Thank you for your love and wisdom.
blossomtree.jpgTHE BLOSSOM TREE
I woke early. It was too early for the shrill chatter of children winding their way over to the local primary school. Too early even for the distant drone of traffic on the motorway flowing bumper to bumper like a stream of consciousness. My attention was drawn to rustling outside the window. Two resident tuis were up bright and early plundering nectar from the yellow Kowhai. The early morning sun cast their bobbing images onto the curtains like shadow puppets. The thought made me smile. I decided to get up and run a bath. My daughter was coming over later to take me shopping. After my soak I would whip up her favourite morning tea of fresh warm pikelets with raspberry jam and cream. I would make a double batch. Her young grandchildren regularly pop in on me after school. I drew back the bedclothes and put my feet to the floor. The tuis sensed company and departed, the velvety sound of their wings trailing away in the distance. The walker by the bedside helped steady me to my feet and glide me through to the bathroom. I leant across to lift up the toilet seat when my feet slid forward on the smooth bathroom tiles. I reached for the walker, but was unable to stop my descent to the floor. Lying there, shocked by the painful impact, my full bladder sent a stream of warm liquid cascading down my legs. I cried, unable to move.
***
I was brought up a Catholic, so was my mother. When you’re very young you don’t imagine you can pick or choose on the matter. We lived in a place called Rewanui on the beautiful, wild, West Coast of the South Island, New Zealand. Sometimes it seemed like it rained practically all the time. But how I enjoyed the sound of that same heavy rain thundering on our iron roof at night, tucked up warm, secure and safe.

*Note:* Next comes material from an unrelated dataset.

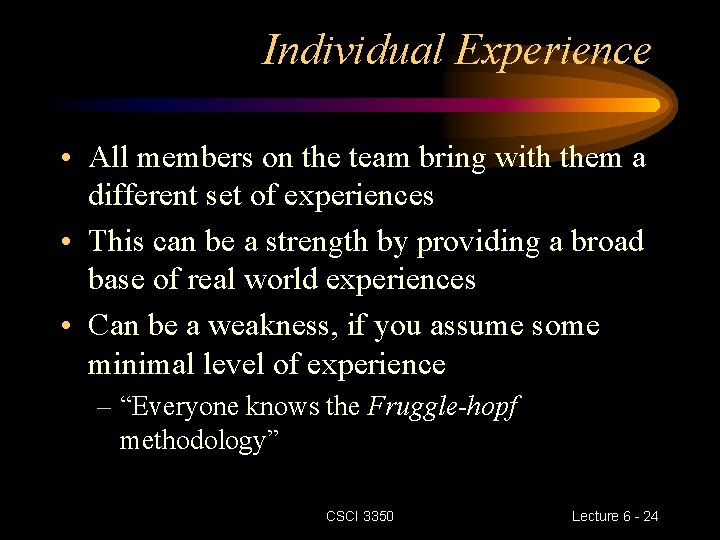 Individual Experience • All members on the team bring with them a different set Individual Experience • All members on the team bring with them a different set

My earliest memory is of whining at mum to let me go and get apples. I might have been about five or six. On the way back with them, some young scallywags called the Steel brothers scared the heck out of me by warning of a ghost on the line. So I put the apples under an old timer’s veranda for safe-keeping, and hid. When I heard a noise, I thought it was the ghost. I was so scared, and yelled who’s that on the trolley line, who’s that on the trolley line?
Down came my big brother Col. Mum had sent him out to see where I had got to.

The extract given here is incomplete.